Explanatory Memorandum
(Circulated by authority of the Minister for Health and Ageing, the Honourable Tony Abbott MP)COST-BENEFIT ANALYSIS OF OPTIONS TO REINFORCE THE LEGITIMACY OF PRIVATE HEALTH INSURANCE
Component 1: improving private health insurance products
Cost-benefit analysis of Option 1A - Status Quo (Existing arrangements remaining)

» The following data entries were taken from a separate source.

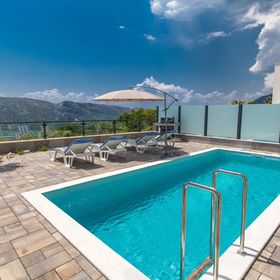 Villas De Shery 1 - Left Blaškovići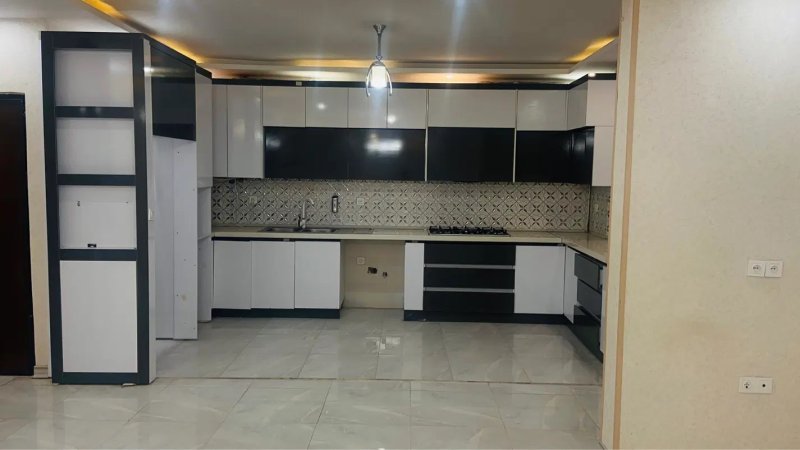 آپارتمان 120 متری دو خوابه در شهرک چهار چشمه مشهد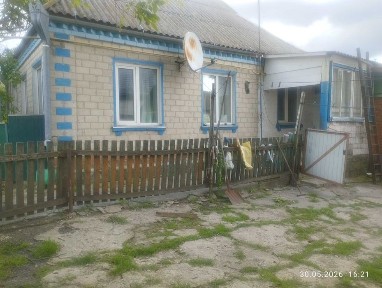 продам жилий будинок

This table represents the reference model for comparison options 1B and 1C
Stakeholders | Impact | Costs | Benefits | Net Benefit |
---|---|---|---|---|
Private health insurers | Insurers would not be able to offer a comprehensive product | The cost of regulation compliance is currently $81.28 million. This represents 1% of benefits paid | No change to current arrangements | |
Service providers | Providers are not able to develop efficient alternatives to hospital services as these services do not attract a PHI benefit | Nil | No change to current arrangements | |
Patients and consumers | Consumers are limited by PHI for some out of hospital services, notably oncology services | Gaps in cover for some services that are part of an episode of hospital care or which substitute for or prevent hospitalisation will remain | No change to current arrangements | |
Govt / taxpayers | Burden of regulation would continue unchanged | Cost of 30% Rebate is approximately $2.8 billion, which is paid for hospital and ancillary cover | No change to current arrangements | |
Option 1A net benefit | No net benefit |
Cost-benefit analysis of option 1B - Broadened hospital product
Options 1B and 1C are measured against the Reference model above . Modelling of the costs and benefits of the following options under Component 1 was undertaken by the Department of Health and Ageing . The following table represents the best available information along with qualitative information .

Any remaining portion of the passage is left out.